Beograds Bürgermeister Aleksandar Šapić will Titos Leichnam vom Muzej Jugoslavije nach Kumrovec in Kroatien umbetten lassen – und das Muzej Jugoslavije in Serbiens Hauptstadt schließen. Das beschert dem Museum und Titos Grabmal einen Besucherstrom. Teil 2 einer Reportagereihe.

Jasna beugt sich zu einer der Rosen im Park der Kuća cveća und riecht intensiv an der Blume.

„Schau mal, wie herrlich das durftet! Riech doch mal“, sagt sie zu mir.

Sie hat mich instinktiv auf Deutsch angesprochen, mit distinkt bundesdeutschem Akzent.

Davor hat sie mich vielleicht eine Sekunde lang gesehen.

Was soll ich auch sonst für eine Muttersprache haben? Einem Einheimischen reicht da ein kurzer Blick.

Jasna ist ein Gastarbeiterkind. Geboren in Sindelfingen in Deutschland, aufgewachsen in Derventa in Bosnien, zurück nach Deutschland mit 16.

Gemeinsam mit ihrem Bruder besucht sie die Eltern in Derventa und macht an diesem Sonntag im Mai einen Ausflug ins Muzej Jugoslavije und die Kuća cveća mit Titos Grabmal.

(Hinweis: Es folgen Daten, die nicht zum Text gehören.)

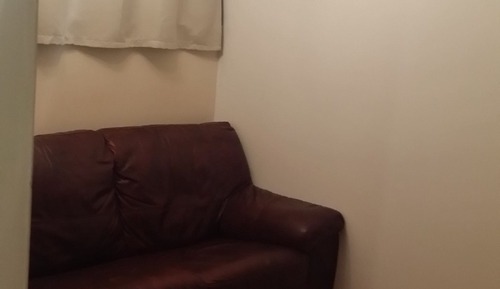 Appartement, 1 chambre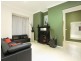 2 Ginger Rogers Road, Maudsland QLD 4210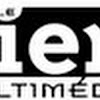 LienMultimedia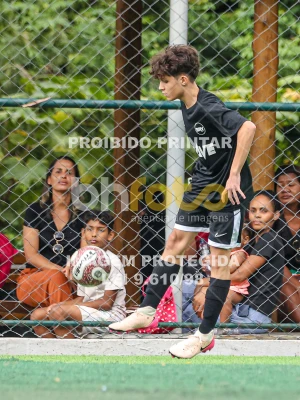 Detalhes da foto #25187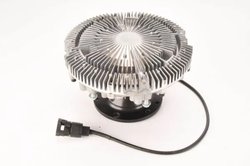 Cupla ventilator radiator Thermotec D5DA001TT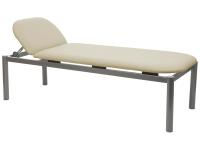 КУШЕТКА МЕДИЦИНСКАЯ СМОТРОВАЯ МД КС-01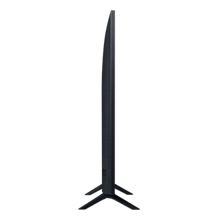 جي جارد GG-58" اس يو اي دسكفري - أفضل سعر
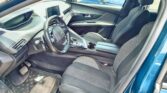 Peugeot 3008 à vendre Abidjan - Voiture Côte d'Ivoire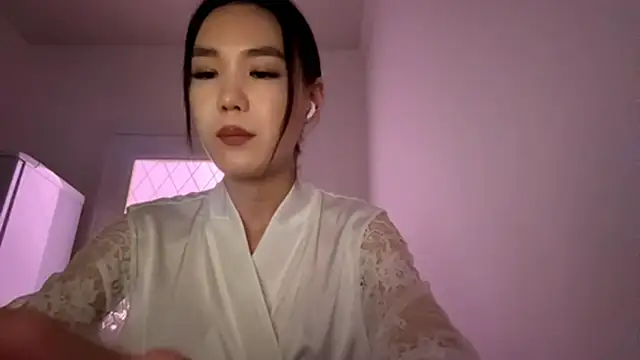 marry dreams online show from December 19, 2025, 2:08 pm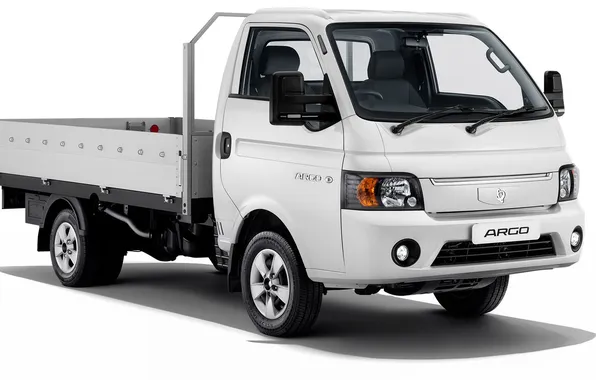 Car, Соллерс, Соллерс Argo, Argo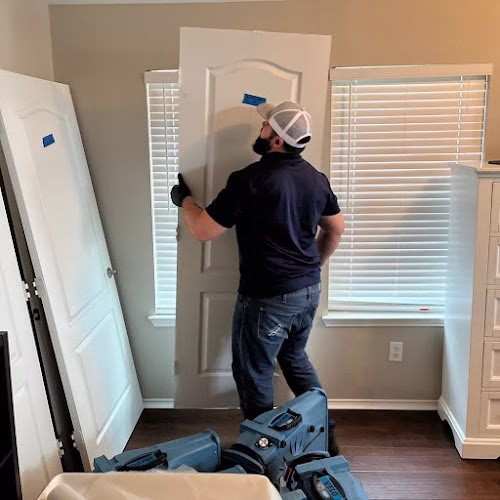 194588 dry force water removal specialists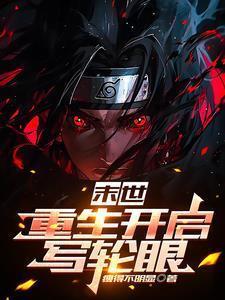 女儿超喜欢爸爸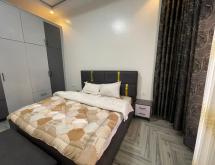 Kigali House for rent in Kicukiro Kagarama - Image 5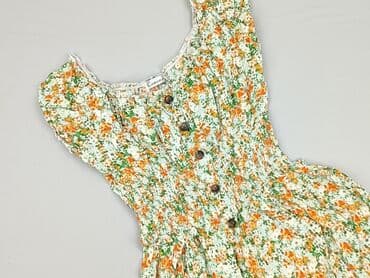 zalando sukienka midi: Sukienka damska, rozmiar L — 1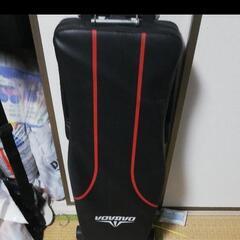 DABADAトレーニングベンチ
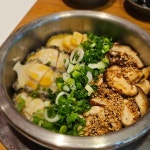 동양솥밥 한양대에리카점 - 안산한양대 솥밥, 항정 맛집 | 다이닝코드, 빅데이터 맛집검색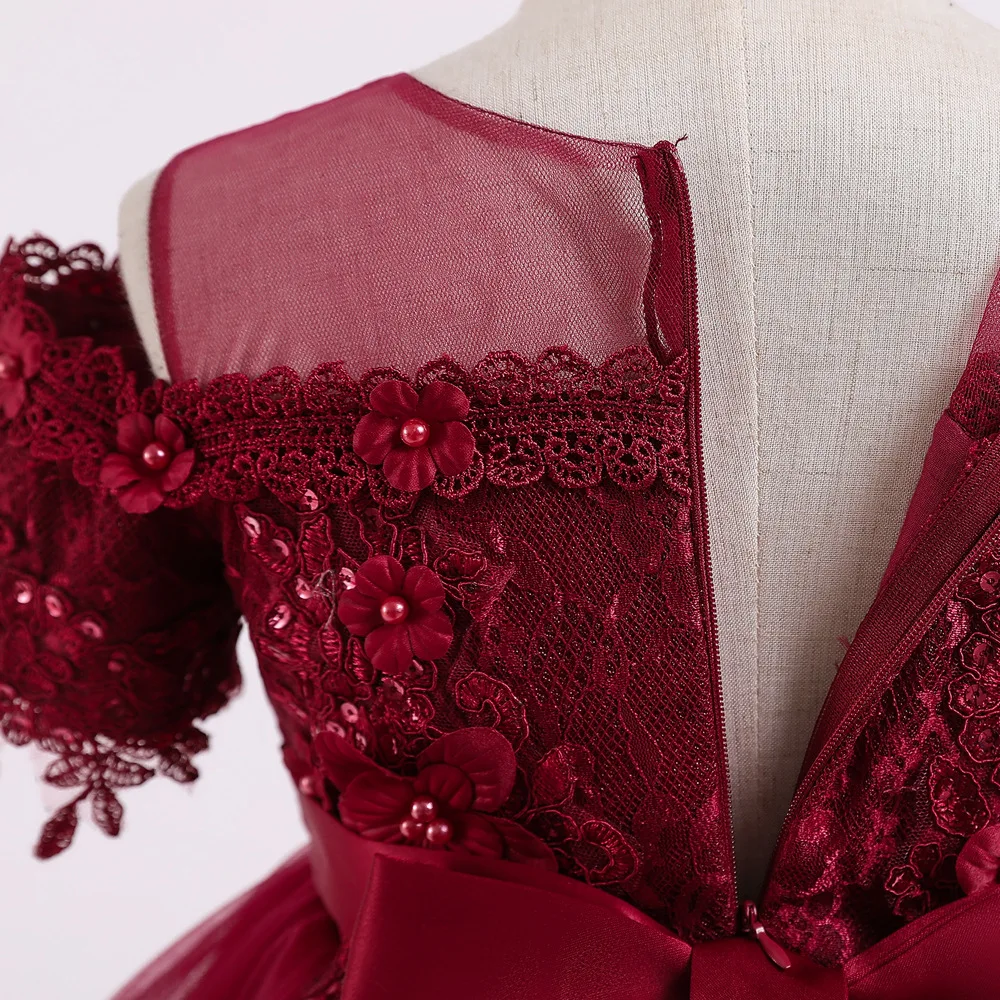 15224276025_1498729419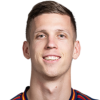 Dani Olmo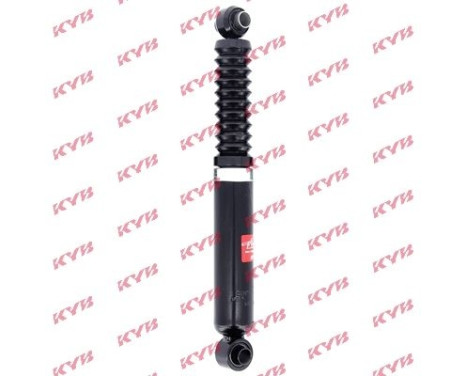 Stötdämpare Excel-G 341237 Kayaba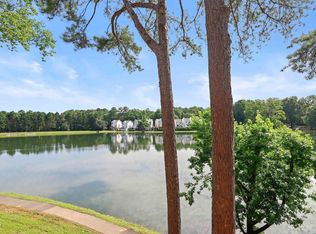 723 Springfork Dr, Cary, NC 27513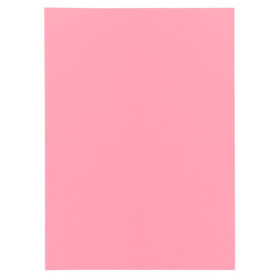Pt 250 sous-chemises SUPER 60 rose
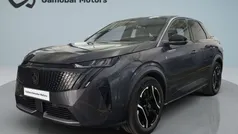 Usado 2025 Peugeot 3008 | € 46.490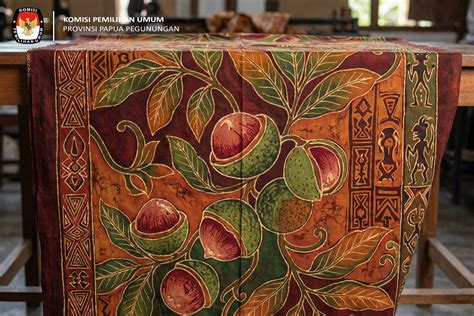 Image result for Beginner Pyrography Patterns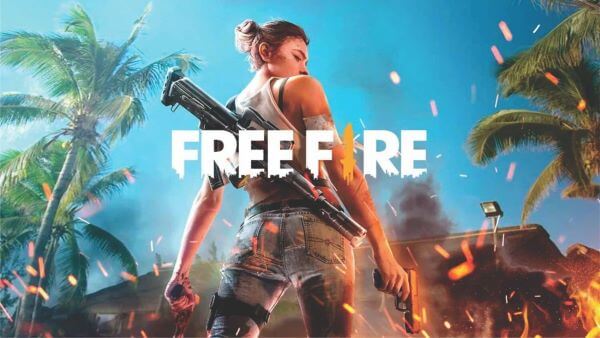 Free-Fire-Como-Conseguir-Diamantes-e-Skins-Grátis-e-Jogar-Melhor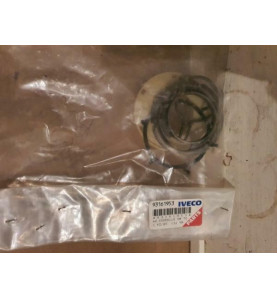 93161953 Kit riparazione adatto a Iveco - Originale -For Iveco repair kit -
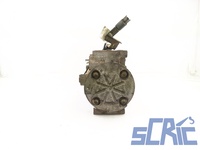 Compressore Clima MITSUBISHI LANCER 6 CJ, CP EVO V 1998-1998 MSC90C, AKC200A205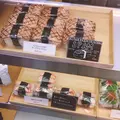 [閉店] アロハファームカフェの写真_112722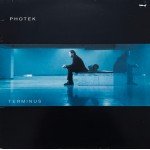 Photek - Terminus (12
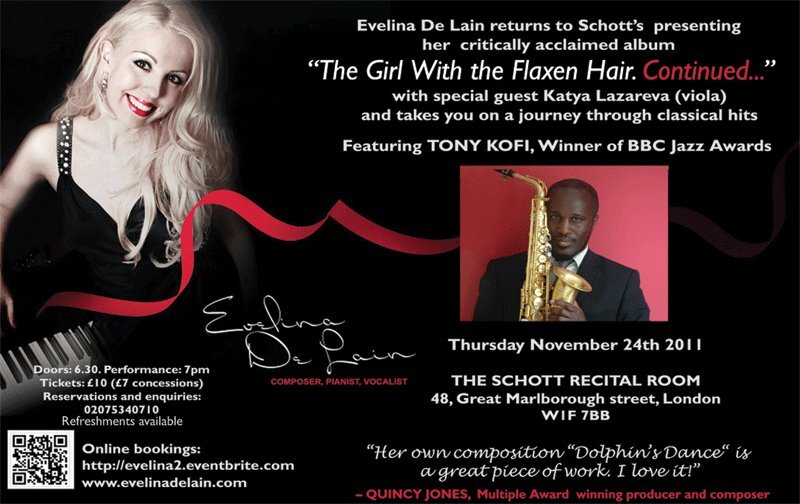 Изображение из архива автора - сети Интернет, - в свободном доступе и носит иллюстративный характер. 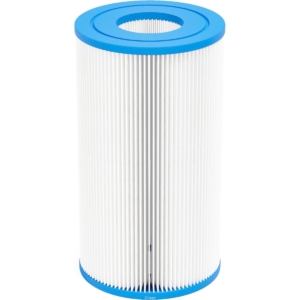 W'eau spafilter type 34 (o.a. SC734 of C-4607)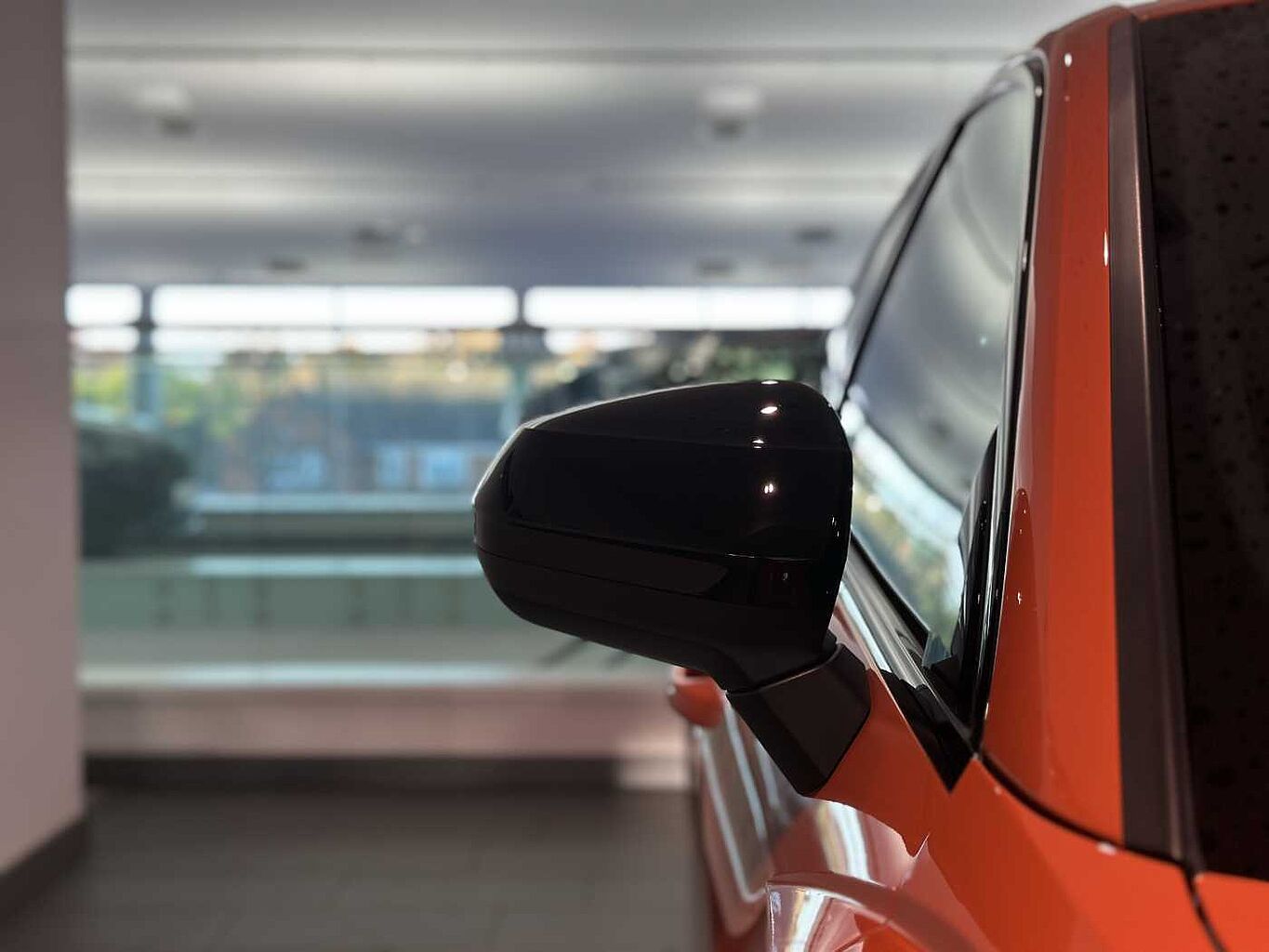 Used Audi Q3 2024 for sale - 76647350: Photo 33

(FOTO: Fedja Kiselicki, Christoph Baumgarten)

„Ich hab gehört, sie wollen das Grab von Tito hier auflösen und ihn nach Kumrovec umbetten“, sagt Jasna. „Wir sind heute da, um Titos Grab noch ein letztes
Mal zu sehen“.

Jasna, ihr Bruder und die Eltern sind nicht die Einzigen, die es heute hierherzieht.

(FOTO: Fedja Kiselicki, Christoph Baumgarten)

So voll wie an diesem Sonntag hab ich das Muzej Jugoslavije noch nie gesehen.

Heute steht man für einen Kaffee in der kleinen Cafeteria Schlange. „Seit ungefähr zehn Jahren geht es steil aufwärts“, erzählt mir eine Angestellte des Museums, die Souvenirs verkauft. „So viele wie heuer waren es aber noch nie“.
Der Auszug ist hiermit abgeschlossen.